Dear Rupert,
Thoughts are not my enemy, this is understood. Like all functions, they are a tool. What I am talking about is the ‘I’ thought and the ‘chatter’. The experience here now is that a sentence will start and then end in the middle. Almost constantly this is witnessed. This automatic dropping off of sentences seems to be due to lack of interest. They are of the ‘me’ variety most of the time and offer no value. If thoughts are used to communicate, as is happening in this email, they happen automatically and effortlessly and are forgotten quickly. Would appreciate your commenting on this.
Love,
Toni
Dear Toni,
Yes, once the ‘me’ has been seen to be non-existent, thoughts that revolve around it drop away, gradually in most cases. As you say, we get half-way through the sentence and it just runs out of fuel.

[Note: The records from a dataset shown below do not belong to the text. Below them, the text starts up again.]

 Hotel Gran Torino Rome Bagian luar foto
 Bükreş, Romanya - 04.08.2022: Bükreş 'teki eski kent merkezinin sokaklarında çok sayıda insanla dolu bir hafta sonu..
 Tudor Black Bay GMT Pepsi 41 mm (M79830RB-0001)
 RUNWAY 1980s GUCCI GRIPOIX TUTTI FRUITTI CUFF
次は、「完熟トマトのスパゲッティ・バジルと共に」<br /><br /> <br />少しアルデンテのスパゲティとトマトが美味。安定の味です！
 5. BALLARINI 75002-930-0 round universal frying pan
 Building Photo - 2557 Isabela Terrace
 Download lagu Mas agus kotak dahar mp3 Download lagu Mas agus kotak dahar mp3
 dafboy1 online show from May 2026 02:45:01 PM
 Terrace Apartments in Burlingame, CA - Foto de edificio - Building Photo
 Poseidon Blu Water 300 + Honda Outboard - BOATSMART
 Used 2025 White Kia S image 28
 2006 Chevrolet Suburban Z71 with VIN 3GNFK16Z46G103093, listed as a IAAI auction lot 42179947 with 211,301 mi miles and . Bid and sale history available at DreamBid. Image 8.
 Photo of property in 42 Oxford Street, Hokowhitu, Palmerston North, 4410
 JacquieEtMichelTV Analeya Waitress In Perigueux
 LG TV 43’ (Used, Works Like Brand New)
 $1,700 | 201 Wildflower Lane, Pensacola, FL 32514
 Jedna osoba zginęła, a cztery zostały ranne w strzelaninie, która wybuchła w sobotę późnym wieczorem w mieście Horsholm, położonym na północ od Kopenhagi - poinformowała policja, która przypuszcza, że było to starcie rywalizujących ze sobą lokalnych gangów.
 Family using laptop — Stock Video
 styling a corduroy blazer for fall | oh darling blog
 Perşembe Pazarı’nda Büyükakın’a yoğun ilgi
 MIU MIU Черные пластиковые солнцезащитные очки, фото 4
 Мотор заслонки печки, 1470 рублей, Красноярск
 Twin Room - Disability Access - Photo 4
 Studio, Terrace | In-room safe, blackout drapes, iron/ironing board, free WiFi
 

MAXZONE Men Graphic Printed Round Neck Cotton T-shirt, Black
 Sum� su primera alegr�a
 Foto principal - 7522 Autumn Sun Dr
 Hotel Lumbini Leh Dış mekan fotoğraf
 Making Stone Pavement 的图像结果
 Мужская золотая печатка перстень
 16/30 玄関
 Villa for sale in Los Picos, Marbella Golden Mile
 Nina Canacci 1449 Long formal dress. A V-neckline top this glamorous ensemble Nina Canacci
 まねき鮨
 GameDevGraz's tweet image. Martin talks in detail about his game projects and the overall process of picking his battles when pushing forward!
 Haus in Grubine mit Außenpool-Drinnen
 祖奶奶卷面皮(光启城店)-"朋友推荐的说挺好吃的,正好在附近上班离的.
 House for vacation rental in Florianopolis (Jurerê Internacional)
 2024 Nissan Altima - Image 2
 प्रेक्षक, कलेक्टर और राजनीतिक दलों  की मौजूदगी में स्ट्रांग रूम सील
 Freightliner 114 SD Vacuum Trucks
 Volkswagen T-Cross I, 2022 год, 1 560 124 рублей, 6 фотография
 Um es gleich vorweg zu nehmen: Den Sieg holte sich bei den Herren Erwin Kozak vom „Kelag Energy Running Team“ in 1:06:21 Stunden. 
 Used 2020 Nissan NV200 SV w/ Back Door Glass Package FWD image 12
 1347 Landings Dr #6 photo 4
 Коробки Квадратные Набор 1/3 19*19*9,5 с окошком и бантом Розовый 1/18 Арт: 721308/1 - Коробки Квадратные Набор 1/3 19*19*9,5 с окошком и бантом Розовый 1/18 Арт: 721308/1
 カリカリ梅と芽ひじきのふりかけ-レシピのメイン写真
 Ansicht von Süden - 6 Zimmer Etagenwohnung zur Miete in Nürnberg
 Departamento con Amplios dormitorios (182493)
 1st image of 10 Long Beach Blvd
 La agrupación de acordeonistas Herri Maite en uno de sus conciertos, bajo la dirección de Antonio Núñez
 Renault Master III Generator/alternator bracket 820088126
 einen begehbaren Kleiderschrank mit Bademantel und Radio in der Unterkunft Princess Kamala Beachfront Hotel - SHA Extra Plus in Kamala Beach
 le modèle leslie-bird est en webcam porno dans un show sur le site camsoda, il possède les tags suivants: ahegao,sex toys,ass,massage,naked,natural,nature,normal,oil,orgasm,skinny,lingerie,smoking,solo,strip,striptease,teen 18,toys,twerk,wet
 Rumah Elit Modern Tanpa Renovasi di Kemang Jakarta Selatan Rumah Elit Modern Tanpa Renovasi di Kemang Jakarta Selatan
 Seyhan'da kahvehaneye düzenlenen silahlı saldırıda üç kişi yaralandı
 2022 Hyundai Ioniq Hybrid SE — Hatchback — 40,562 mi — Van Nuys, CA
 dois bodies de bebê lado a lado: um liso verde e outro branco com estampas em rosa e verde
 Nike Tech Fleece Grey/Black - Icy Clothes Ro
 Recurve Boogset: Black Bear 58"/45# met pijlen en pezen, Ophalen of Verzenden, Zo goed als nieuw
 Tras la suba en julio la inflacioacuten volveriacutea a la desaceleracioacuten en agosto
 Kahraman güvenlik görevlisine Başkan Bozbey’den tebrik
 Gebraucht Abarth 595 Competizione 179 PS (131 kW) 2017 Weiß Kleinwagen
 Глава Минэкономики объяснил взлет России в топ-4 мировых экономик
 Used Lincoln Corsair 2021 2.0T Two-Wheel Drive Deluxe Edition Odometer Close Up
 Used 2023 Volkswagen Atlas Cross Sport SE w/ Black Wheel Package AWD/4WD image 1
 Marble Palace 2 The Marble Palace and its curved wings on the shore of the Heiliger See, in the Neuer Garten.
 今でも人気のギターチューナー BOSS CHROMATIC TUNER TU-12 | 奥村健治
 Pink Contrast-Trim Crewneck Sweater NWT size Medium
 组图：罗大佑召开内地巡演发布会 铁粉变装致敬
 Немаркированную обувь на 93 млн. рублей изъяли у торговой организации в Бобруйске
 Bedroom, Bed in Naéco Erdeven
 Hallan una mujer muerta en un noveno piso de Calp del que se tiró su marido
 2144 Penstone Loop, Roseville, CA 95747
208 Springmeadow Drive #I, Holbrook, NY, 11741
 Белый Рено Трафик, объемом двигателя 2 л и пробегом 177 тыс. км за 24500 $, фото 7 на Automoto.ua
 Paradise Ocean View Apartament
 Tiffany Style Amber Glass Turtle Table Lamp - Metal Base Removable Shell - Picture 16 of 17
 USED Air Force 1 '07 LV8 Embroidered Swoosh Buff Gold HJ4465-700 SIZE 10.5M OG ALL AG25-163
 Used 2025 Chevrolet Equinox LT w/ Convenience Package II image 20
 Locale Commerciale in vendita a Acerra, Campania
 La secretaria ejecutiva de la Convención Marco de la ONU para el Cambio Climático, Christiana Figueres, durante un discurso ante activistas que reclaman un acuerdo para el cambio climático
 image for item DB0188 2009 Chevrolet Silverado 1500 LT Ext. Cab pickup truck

In time, the noticing and the dropping happen sooner and sooner. At some point we become sensitive to the impulse at the level of feelings from which the ‘I’ thought is born. As the discomfort of this feeling is neutralised in our allowing or welcoming, there is less and less need to generate ‘me’-related thoughts in order to escape from or avoid it. It is just seen as a neutral sensation.
In time, these neutral feelings also subside, because without the ‘me’ story attached to them they have no reason to be. In this way the ‘me’ thought and its deeper root, the ‘me’ feeling, simply die of neglect. The thoughts that remain are practical, celebratory, investigative, creative and, as you say, communicative.